"Es ist schwer, die übermütigen Rosse unseres Seelenwagens zu bändigen und sich weise ein Maß zu setzen"….

Die antike Philosophie (Konfuzius, Demokrit,) empfiehlt uns das “Maß der Mitte als höchste Weisheit"

Wer die Idee des grenzenlosen Wachstums so verinnerlicht hat, dass er kein Limit kennt, der hat auch kein Auge mehr für das rechte Maß, der ist maßlos.

Dies gilt nicht nur für die eigene Persönlichkeit, sondern auch das Wirtschaftswachstum, Zerstörung der Umwelt, Ausbeutung der Ressourcen und der dem ungezähmten Kapitalismus zugeschriebenen Profitgier, der Gier nach Gewinnmaximierung. Berauscht vom Erfolg überschreiten wir die Grenzen, wodurch das Glück zu kippen beginnt und regelmäßig in Unglück umschlägt.

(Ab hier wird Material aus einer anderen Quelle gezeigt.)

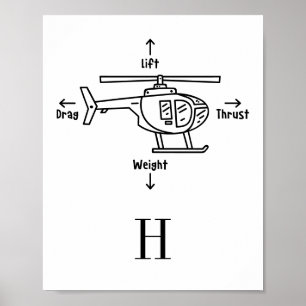 Cute Helicopter Illustration Personalised Poster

Wenn man sich flüchtig mit dem chinesischen “Buch der Wandlungen” (”I Ging”), den “Analekten” von Konfuzius bzw. “Tao Te King” eines Lao Tse und der Weisheit der griechischen Philosophie beschäftigt hat, stoßt man immer wieder auf ein zentrales Thema richtiger Lebensführung:

“Das rechte Maß (right measure), modern ausgedrückt: Balancing, Rebalancing”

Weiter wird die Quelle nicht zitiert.